After China regained control of Hong Kong, it agreed to let it maintain a high degree of control over its own affairs under the principle of "one country, two systems." That's allowed the territory to carry on with its own legal and financial system and civil liberties such as freedom of speech.
But the restrictions on candidates appear to reflect President Xi Jinping's concerns that a genuine election could erode party control over the territory that it exercises through loyal political and business elites. Since taking office 18 months ago, Xi has overseen a notable chilling of the mainland's political atmosphere as he bolsters his personal power and eliminates potential challenges to Communist Party rule.
"Xi seems comfortable about Hong Kong only when the current rule-through-the-elite approach works," said Yu Maochun, an expert on Chinese politics at the U.S. Naval Academy in Annapolis, Maryland.
Yu said the crisis is only likely to worsen since the deeply conservative Xi lacks the foresight and imagination to find a compromise with the pro-democracy camp.
The battle over electoral reforms has divided the city, with business groups and tycoons warning that Occupy Central's protest threatens to destabilize the city while many young people upset over widening inequality have backed the democracy activists. Desire for genuine democratic reform is also fuelled by the deep unpopularity of current leader Leung Chun-ying, who like all postcolonial leaders was chosen by the body of mostly pro-Beijing elites.
Restrictions on the territory's first direct elections are needed to protect the interests of the billionaire tycoons that control big chunks of Hong Kong's economy, in order to safeguard its position as a capitalist hub, said Wang Zhenmin, a Chinese legal scholar and member of a committee overseeing Hong Kong's mini-constitution.
Hong Kongers should therefore accept incremental progress, he argued in a speech Thursday.
"Less perfect universal suffrage is better than no universal suffrage," Wang said "Leave some room for future growth."
Hong Kong and Beijing officials as well as state media have warned the Occupy Central leaders that their actions would be illegal.

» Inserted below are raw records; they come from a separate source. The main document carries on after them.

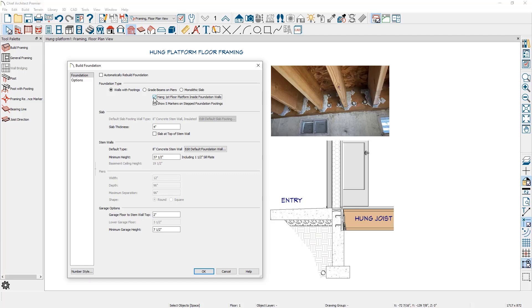If you know in advance when you're building your foundation, this is the easiest way to hang the platform. If you decide to later hang the platform, this is a setting that will be changed inside of the foundation walls. I'll show you where that setting is after we go through and build this roughly three foot stem wall height foundation.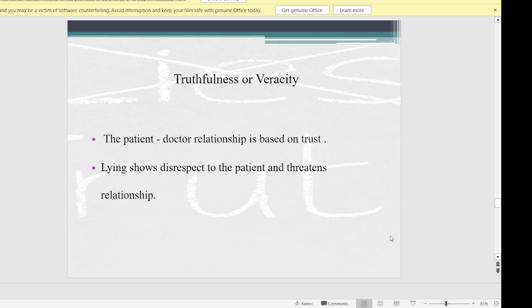Truthfulness or veracity: the patient-doctor relationship is based on trust. If a patient agrees to be treated by a doctor, it is the doctor's duty to be truthful to the patient about any problems or issues. Lying shows disrespect to the patient and threatens the relationship. If there is a complication in any treatment, it is the doctor's duty to inform the patient about it.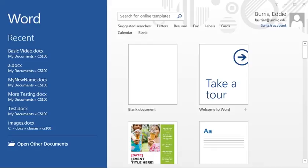Welcome everyone to the Microsoft Word basic skills video tutorial. This is video one of three. Let's start from the beginning. This is the screen you'll see when you first start Microsoft Word.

"If these activities pose a shocking threat to Hong Kong or continue unabated, enormously dampening the city's functions, it is imperative that the Hong Kong government adopt coercive measures," the Global Times newspaper, published by the ruling Communist Party, said this week. "The opposition camp in Hong Kong embraces some unrealistic illusions that must be knocked out. A number of extremists must pay for their illegal confrontational behavior."
Chow, the student leader, said there would be no turning back for Hong Kong after Sunday.
"Hong Kong people have to make a judgment: whether they are going to fight or accept the offer from the central government," he said, adding that he believed most residents would reject Beijing's likely decision because "it will only trap Hong Kong in the next 30 years."
AP writer Christopher Bodeen in Beijing contributed to this report.